As automobile races go, the eighth annual U.S. Grand Prix was a pretty grand affair. For the sixth straight year it was held at Watkins Glen, N.Y., a picturesque resort town of 2,813 located at the southern tip of Seneca Lake, just up the Yellow Brick Road between Brobdingnag and Brigadoon, and a crowd of 70,000 somehow forced its way along the few narrow access roads to witness the 248-mile test. Lawyer Cameron Argetsinger and the Watkins Glen Grand Prix Corporation assured the financial success of the race, at least from the drivers' point of view, by raising $102,400 in prize money, the largest road-racing purse in history. The first-place pot of 20 grand added up to exactly $1,256 more than all the first purses in the eight other world championship events combined. (In those races, however, the drivers all received appearance money; at the Glen they did not.) Director John Frankenheimer showed up with Actor James Garner to film a segment of a movie they're making, called Grand Prix, scattering more green around the countryside.

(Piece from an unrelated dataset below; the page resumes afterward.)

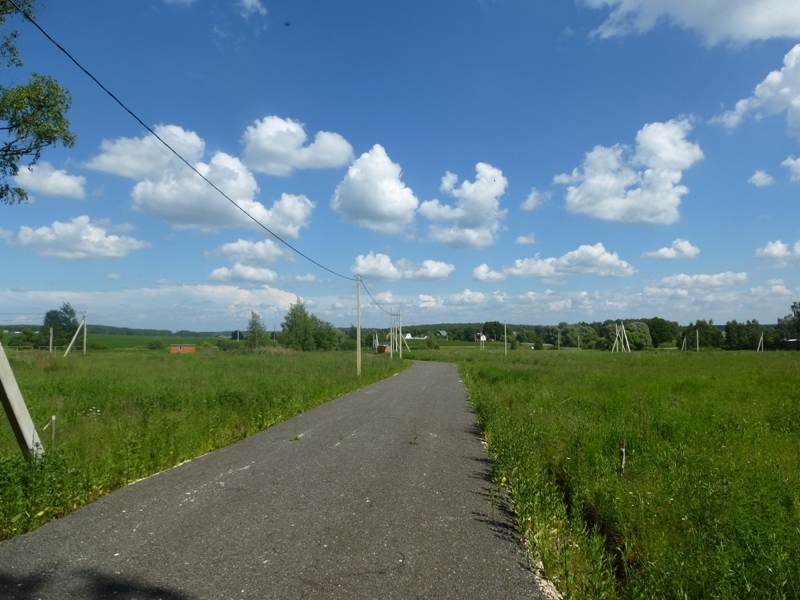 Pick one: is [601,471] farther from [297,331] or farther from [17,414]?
[297,331]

But while the Glen was long on cash and class, it was a little short on dramatic action. The weather was miserable. When it wasn't raining, or threatening rain, a biting wind forced drivers and spectators into all sorts of unlikely garb. America's Dan Gurney didn't change expression for four days; England's Graham Hill looked characteristically worried; Scotland's Jackie Stewart looked characteristically unconcerned. Jimmy Clark won the race, which was nice, and nobody had much of anything to say about, for or to Australia's Jack Brabham.
This last was due to Jack's natural camouflage. He does not wear a mustache, as Hill does, is not embarked on a crusade to uphold his country's international racing honor, as Gurney is, has not made a comeback from a near-fatal racing accident, as John Surtees did, and is not exuberant, young and talkative, as Stewart is. This almost universal neglect is puzzling, however, when you understand that Brabham has won 11 Grand Prix races in his career, more than any other active driver except Jimmy Clark (who has 20), and has spaced his victories this season in such a way that on September 4 at Monza, Italy he clinched his third World Driving Championship with two events still to be run. Moreover, he is the very first champion to build his own car.

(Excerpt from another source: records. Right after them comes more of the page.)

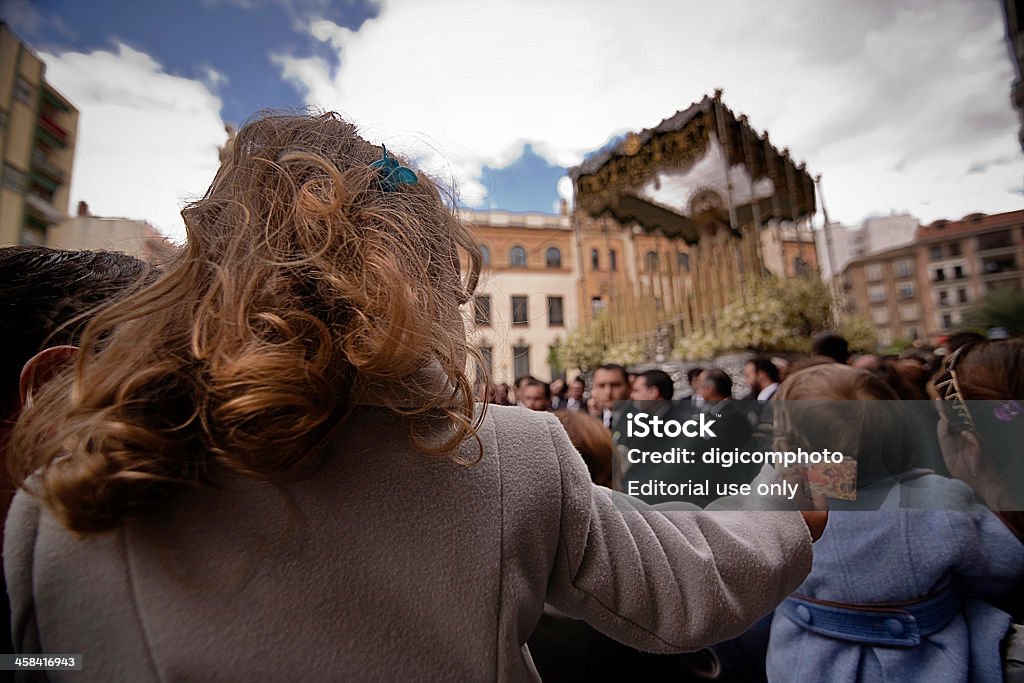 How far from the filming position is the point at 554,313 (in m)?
2.08

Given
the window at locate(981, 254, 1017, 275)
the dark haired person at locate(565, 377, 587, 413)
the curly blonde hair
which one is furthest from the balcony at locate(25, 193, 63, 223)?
the dark haired person at locate(565, 377, 587, 413)

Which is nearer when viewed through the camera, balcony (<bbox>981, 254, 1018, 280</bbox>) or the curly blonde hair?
the curly blonde hair

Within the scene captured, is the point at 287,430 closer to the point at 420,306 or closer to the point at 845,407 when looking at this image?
the point at 420,306

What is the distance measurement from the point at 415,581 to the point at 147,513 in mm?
241

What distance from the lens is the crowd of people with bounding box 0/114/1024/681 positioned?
0.44 metres

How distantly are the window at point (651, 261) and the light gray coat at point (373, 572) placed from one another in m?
3.84

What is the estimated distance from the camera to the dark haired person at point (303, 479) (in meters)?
0.44

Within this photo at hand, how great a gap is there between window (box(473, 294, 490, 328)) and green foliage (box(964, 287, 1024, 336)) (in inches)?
35.4

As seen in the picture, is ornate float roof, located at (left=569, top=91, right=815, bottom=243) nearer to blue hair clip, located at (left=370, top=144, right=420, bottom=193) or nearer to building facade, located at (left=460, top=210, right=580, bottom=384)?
building facade, located at (left=460, top=210, right=580, bottom=384)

The world should be at Brabham's feet, at least that part that concerns itself with camshafts and rain tires, but it is not. A discussion of Brabham always ends with a "but," as in. "Oh, yes. Old Jack is the world champion, but..."
What follows the but could be Gurney's: "I think he would be the first to admit that there are three or four drivers who are quicker."
Or what Bob Bondurant said: "Jack's quick, but John Surtees and Jochen Rindt are better."
Or what Carroll Shelby said: "He's at the top of the second echelon. Jack's a plodder, a middle-of-the-roader. There are six or seven better."
It was the same way back in 1959 and 1960, when Brabham, after making a slow and painful transition from Australian dirt tracks to the European road circuits, won his first two world titles in Cooper-Climax cars built by an equally unglamorous Englishman, John Cooper. "Jack's the champion," they said, "but Stirling Moss is quicker." It made no difference that Brabham won races while Stirling the Quicker often broke his car and never did win the title.
Part of the problem lies in Brabham's personality. He recently told SI's John Lovesey, "I suppose if you get down to tin tacks I'm a very uninteresting person. I eat plain food, don't drink or smoke, and I'm not interested in going to nightclubs. I'm just interested in the job we're doing—motor racing. That's all I live for, virtually. If other people don't like it, that's just too bad for them."
The truth is, though, that Brabham. if not exactly a bucketful of high jinks, is neither dull nor uninteresting. He talks easily and freely to people he knows well. In the two days of practice leading up to the U.S. Grand Prix there was constant banter between Brabham and Denis Hulme (his team driver), Surtees and many other racing men.